WORK TO BE COMPLETED. Please transcribe the data below in full, word for word, without the images.

GIVEN INFORMATION.
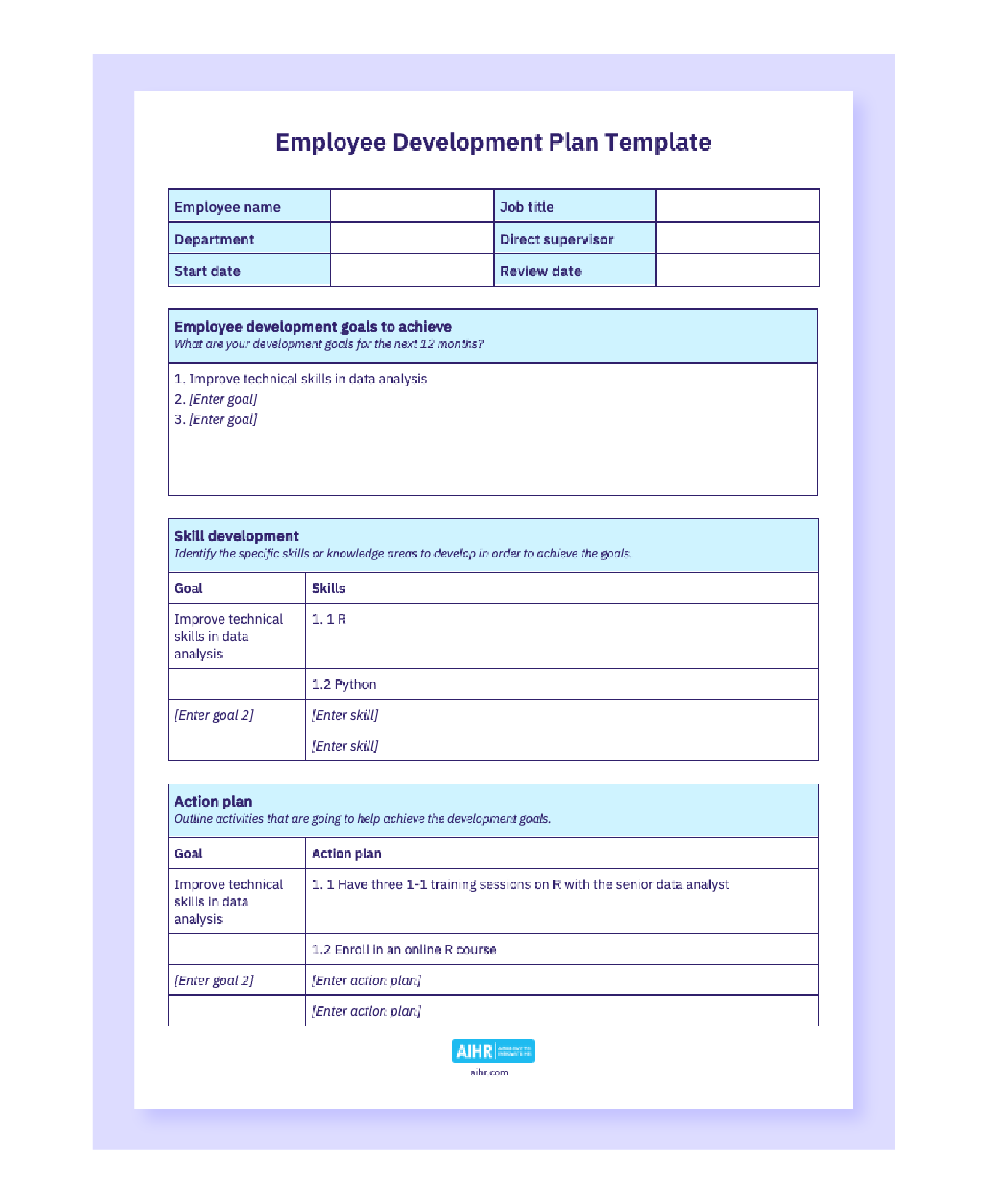 Employee development plan template.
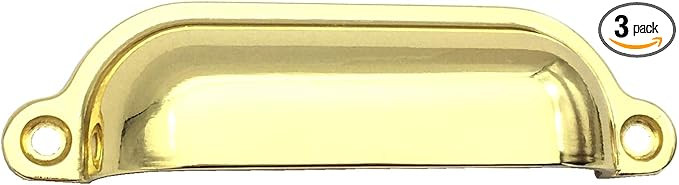 3.5" C-C (3-1/2 in Centers) Polished Gold Cup Drawer Pull Cabinet Handles Dresser Pulls Handle 89... | Amazon (US)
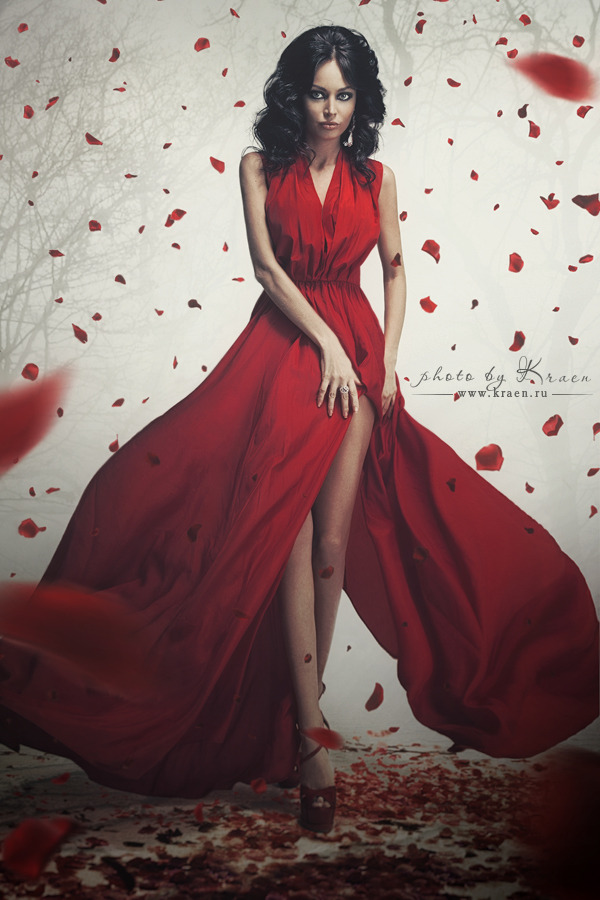 Beautiful red dress | red dress, beautiful girl, rose petals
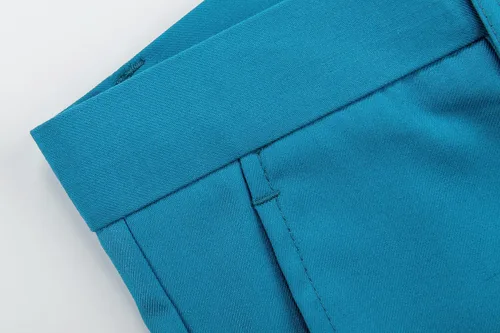 Vista 5 de MOGU Traje ajustado de 2 piezas para hombre, para baile de graduación, negocios, boda, baile (chaqueta de traje + pantalones)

OUTPUT FOR THIS TASK.
 Employee development plan template.
 3.5" C-C (3-1/2 in Centers) Polished Gold Cup Drawer Pull Cabinet Handles Dresser Pulls Handle 89... | Amazon (US)
 Beautiful red dress | red dress, beautiful girl, rose petals
 Vista 5 de MOGU Traje ajustado de 2 piezas para hombre, para baile de graduación, negocios, boda, baile (chaqueta de traje + pantalones)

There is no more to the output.